## Instructions to follow
Write out the stretch of lines below that begins at the line with "Pãezinhos Recheados de" and ends at the line with "Vintage Apple II", including both, exactly as given and nothing more.

## The input
※

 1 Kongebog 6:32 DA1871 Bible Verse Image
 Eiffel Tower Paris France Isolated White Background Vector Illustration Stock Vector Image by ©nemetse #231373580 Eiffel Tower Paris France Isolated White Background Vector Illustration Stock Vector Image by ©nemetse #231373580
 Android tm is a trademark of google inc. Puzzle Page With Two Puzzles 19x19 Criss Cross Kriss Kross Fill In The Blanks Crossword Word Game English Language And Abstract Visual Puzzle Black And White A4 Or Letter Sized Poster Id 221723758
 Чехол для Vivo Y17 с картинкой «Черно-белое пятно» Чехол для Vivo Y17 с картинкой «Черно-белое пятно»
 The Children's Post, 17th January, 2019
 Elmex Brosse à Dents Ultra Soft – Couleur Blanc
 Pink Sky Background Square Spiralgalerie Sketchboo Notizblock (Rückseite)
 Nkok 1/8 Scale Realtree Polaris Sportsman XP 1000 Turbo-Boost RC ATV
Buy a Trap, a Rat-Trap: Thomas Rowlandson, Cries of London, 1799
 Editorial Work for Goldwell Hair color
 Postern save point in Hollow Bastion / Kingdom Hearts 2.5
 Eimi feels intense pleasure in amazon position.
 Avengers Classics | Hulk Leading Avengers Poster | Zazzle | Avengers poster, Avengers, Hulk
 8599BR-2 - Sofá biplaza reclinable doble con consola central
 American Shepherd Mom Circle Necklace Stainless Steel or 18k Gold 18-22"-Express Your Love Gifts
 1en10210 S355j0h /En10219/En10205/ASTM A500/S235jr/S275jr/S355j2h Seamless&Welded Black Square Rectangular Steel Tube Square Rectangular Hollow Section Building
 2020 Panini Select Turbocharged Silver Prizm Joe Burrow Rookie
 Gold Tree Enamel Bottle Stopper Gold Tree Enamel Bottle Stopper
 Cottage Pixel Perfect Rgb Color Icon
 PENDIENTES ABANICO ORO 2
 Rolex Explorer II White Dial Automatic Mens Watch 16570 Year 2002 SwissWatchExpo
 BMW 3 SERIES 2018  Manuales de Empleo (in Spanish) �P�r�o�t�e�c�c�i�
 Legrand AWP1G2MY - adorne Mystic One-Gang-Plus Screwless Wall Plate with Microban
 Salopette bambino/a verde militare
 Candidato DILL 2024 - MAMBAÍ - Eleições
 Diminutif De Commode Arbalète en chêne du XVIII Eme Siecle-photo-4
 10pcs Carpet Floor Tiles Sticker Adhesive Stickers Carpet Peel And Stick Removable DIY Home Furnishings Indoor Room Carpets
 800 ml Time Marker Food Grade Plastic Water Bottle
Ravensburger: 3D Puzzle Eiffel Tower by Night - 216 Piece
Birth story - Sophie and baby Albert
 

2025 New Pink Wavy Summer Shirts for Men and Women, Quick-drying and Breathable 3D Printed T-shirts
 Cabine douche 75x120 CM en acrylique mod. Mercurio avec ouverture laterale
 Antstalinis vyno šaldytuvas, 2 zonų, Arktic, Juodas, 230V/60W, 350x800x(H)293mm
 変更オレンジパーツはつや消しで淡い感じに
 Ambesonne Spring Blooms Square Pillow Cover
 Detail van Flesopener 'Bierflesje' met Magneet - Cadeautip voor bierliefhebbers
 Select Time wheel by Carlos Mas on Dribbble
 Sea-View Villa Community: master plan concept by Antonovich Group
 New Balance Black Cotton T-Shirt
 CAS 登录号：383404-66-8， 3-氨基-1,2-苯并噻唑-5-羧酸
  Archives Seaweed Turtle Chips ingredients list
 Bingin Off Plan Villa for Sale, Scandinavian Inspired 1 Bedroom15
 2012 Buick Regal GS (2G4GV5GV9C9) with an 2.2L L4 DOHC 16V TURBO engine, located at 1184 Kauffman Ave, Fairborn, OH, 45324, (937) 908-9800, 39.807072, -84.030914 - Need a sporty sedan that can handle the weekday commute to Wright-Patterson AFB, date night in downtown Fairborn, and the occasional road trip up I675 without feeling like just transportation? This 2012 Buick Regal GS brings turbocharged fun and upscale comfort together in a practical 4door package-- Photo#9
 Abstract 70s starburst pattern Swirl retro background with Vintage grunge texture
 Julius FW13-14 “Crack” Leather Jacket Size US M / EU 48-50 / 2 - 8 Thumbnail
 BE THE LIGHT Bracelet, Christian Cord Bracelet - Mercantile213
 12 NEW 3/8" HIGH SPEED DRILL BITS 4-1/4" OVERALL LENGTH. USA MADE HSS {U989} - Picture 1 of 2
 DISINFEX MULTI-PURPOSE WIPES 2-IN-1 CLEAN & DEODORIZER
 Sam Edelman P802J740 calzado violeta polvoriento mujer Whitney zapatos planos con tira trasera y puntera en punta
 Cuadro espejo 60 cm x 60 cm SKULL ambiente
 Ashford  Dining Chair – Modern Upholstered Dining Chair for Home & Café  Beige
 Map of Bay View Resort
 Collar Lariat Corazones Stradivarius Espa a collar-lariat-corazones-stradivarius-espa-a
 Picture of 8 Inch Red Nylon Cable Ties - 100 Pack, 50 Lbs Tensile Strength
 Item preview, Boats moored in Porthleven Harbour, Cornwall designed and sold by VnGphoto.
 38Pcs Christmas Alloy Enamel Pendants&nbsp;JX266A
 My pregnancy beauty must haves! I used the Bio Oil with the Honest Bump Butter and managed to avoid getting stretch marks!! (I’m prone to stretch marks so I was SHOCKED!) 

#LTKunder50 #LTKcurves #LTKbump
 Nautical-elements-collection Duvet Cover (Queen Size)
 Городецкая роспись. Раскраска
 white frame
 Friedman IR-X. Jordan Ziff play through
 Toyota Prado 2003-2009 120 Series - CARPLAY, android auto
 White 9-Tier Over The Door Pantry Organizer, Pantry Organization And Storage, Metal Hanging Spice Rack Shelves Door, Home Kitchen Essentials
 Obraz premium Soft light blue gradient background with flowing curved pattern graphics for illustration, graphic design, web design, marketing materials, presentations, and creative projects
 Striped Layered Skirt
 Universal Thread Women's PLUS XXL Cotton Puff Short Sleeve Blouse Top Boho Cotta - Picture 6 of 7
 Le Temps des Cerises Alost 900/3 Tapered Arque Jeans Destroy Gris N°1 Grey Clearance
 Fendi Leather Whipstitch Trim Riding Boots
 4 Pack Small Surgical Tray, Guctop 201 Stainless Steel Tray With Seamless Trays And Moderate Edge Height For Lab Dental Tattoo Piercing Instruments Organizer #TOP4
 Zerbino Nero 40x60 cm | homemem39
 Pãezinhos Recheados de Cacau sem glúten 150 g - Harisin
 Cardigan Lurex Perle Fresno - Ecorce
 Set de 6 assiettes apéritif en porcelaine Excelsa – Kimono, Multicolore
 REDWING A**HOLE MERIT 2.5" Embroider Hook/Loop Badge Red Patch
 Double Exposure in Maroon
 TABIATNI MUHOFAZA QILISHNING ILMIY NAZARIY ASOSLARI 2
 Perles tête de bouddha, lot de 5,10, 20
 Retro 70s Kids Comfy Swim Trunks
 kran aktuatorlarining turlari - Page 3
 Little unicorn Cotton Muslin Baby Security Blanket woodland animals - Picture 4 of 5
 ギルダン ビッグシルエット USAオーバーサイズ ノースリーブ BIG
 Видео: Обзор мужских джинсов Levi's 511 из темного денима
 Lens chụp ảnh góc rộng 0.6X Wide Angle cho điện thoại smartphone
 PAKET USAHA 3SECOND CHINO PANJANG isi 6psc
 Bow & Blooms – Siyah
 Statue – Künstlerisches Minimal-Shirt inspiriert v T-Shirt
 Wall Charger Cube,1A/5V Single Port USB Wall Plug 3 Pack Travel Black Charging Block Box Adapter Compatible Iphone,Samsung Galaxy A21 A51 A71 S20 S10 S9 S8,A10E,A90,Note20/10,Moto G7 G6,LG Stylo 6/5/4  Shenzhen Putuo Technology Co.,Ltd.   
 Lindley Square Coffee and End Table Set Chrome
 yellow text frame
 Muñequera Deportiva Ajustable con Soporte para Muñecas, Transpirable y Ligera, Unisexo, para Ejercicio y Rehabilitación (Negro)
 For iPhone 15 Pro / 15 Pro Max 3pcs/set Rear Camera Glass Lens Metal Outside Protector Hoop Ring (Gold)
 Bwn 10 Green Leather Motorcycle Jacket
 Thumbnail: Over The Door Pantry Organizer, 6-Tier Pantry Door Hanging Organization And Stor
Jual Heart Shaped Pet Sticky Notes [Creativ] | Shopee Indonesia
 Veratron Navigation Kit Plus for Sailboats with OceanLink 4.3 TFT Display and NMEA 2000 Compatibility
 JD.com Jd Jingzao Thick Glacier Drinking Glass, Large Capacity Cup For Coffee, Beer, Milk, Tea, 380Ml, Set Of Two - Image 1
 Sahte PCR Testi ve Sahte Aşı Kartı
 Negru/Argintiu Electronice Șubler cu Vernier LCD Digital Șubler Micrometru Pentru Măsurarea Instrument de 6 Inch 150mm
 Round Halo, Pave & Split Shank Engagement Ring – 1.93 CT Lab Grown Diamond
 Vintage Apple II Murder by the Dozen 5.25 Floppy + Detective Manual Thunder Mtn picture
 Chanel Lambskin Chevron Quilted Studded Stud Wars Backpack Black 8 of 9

※

## Written answer
 Pãezinhos Recheados de Cacau sem glúten 150 g - Harisin
 Cardigan Lurex Perle Fresno - Ecorce
 Set de 6 assiettes apéritif en porcelaine Excelsa – Kimono, Multicolore
 REDWING A**HOLE MERIT 2.5" Embroider Hook/Loop Badge Red Patch
 Double Exposure in Maroon
 TABIATNI MUHOFAZA QILISHNING ILMIY NAZARIY ASOSLARI 2
 Perles tête de bouddha, lot de 5,10, 20
 Retro 70s Kids Comfy Swim Trunks
 kran aktuatorlarining turlari - Page 3
 Little unicorn Cotton Muslin Baby Security Blanket woodland animals - Picture 4 of 5
 ギルダン ビッグシルエット USAオーバーサイズ ノースリーブ BIG
 Видео: Обзор мужских джинсов Levi's 511 из темного денима
 Lens chụp ảnh góc rộng 0.6X Wide Angle cho điện thoại smartphone
 PAKET USAHA 3SECOND CHINO PANJANG isi 6psc
 Bow & Blooms – Siyah
 Statue – Künstlerisches Minimal-Shirt inspiriert v T-Shirt
 Wall Charger Cube,1A/5V Single Port USB Wall Plug 3 Pack Travel Black Charging Block Box Adapter Compatible Iphone,Samsung Galaxy A21 A51 A71 S20 S10 S9 S8,A10E,A90,Note20/10,Moto G7 G6,LG Stylo 6/5/4  Shenzhen Putuo Technology Co.,Ltd.   
 Lindley Square Coffee and End Table Set Chrome
 yellow text frame
 Muñequera Deportiva Ajustable con Soporte para Muñecas, Transpirable y Ligera, Unisexo, para Ejercicio y Rehabilitación (Negro)
 For iPhone 15 Pro / 15 Pro Max 3pcs/set Rear Camera Glass Lens Metal Outside Protector Hoop Ring (Gold)
 Bwn 10 Green Leather Motorcycle Jacket
 Thumbnail: Over The Door Pantry Organizer, 6-Tier Pantry Door Hanging Organization And Stor
Jual Heart Shaped Pet Sticky Notes [Creativ] | Shopee Indonesia
 Veratron Navigation Kit Plus for Sailboats with OceanLink 4.3 TFT Display and NMEA 2000 Compatibility
 JD.com Jd Jingzao Thick Glacier Drinking Glass, Large Capacity Cup For Coffee, Beer, Milk, Tea, 380Ml, Set Of Two - Image 1
 Sahte PCR Testi ve Sahte Aşı Kartı
 Negru/Argintiu Electronice Șubler cu Vernier LCD Digital Șubler Micrometru Pentru Măsurarea Instrument de 6 Inch 150mm
 Round Halo, Pave & Split Shank Engagement Ring – 1.93 CT Lab Grown Diamond
 Vintage Apple II Murder by the Dozen 5.25 Floppy + Detective Manual Thunder Mtn picture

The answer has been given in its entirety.